All of these definitions are incomplete, but sufficient to begin a comparison. The first connection is between shame and pusillanimity. Shame, in this context, is the fear that if the people around you knew your secret, they would think less of you or treat you worse. Shame is socially enforced, so it’s possible in certain social contexts to be ashamed of something clearly good—for example, being Catholic or pro-life. Also, shame isn’t an inherently bad thing: sometimes the recognition that an action would change other people’s opinion of us can help us recognize that the action is wrong.

But shame isn’t always about a fear of losing our reputation. It may be a fear of rejection or even the result of an experience of rejection, and each of these is more likely than the last to plant the seeds of a deeper fear in a person’s mind and heart—the fear that other people are justified in not loving them, or even that God does not love them. Not all shame leads to pusillanimity, but these more insidious varieties of shame have been a common element in the stories of many LGBT people such that the Stonewall riots and subsequent LGBT movement can be charitably understood as being, if only partially, a correction to the pusillanimous acceptance of social rejection and police harassment.

In a more modern context and on an individual level, the act of “coming out” can be a way of moving away from pusillanimity and toward humility. To the extent that coming out means recognizing that your sexuality doesn’t fundamentally change your relationship with God as compared with anyone else, humility corresponds with the definition of pride as self-acceptance. You acknowledge it to yourself, and that means you can integrate that knowledge into your understanding of your personal vocation. But apart from the desire to combat pusillanimity, which may lead a person to disclose their sexual identity in order to allow loved ones to reassure them that their sexual identity does not render them unworthy of love and respect, humility does not necessitate that you share this piece of self-understanding with anyone else, other than maybe a confessor or spiritual director.

There are those who argue that being open about one’s sexual identity, coming out, or attaching an LGBT label to oneself is wrong; in their view, it makes one aspect of a person’s identity too central. Aquinas’ insights into pride gives limited validation to this argument. Acknowledging one’s sexual identity, whether publicly or privately, can be a catalyst for genuine humility. However, there is a point at which LGBT pride clearly constitutes what Aquinas would call sinful pride.

One’s sexual identity may become an excuse to ignore the moral (as opposed to merely cultural) norms that apply to everyone else, and it is at this point that this one element of a person’s identity has become too centrally important. Sexual identity does not make a person more worthy of attention and adoration, nor does it grant an excuse to neglect one’s duties to family or community.
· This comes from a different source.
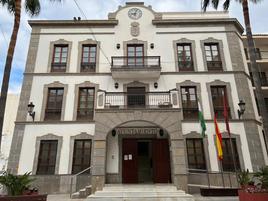 Adra sienta las bases para combatir posibles ataques informáticos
To believe that being LGBT exempts you from the rules that apply to everyone else is as clearly prideful as it would be pusillanimous to accept mistreatment because you think your sexuality, social class, race, or religion means you deserve it.

Most of the time, we associate the discussion of spectrums with the LGBT movement—they can talk at length about gender or attraction as a spectrum in contrast to the traditional gender binary. But on this topic, the LGBT movement has fallen into a binary contrast of pride against shame, while the Catholic tradition has imagined a broader spectrum of possibilities for both vices and virtues. The continual conflict between these camps has obscured the potential for Catholic moral philosophy to help make sense of the LGBT experience and for the LGBT experience to lead to fruitful discussions of elements of the Catholic tradition other than chastity.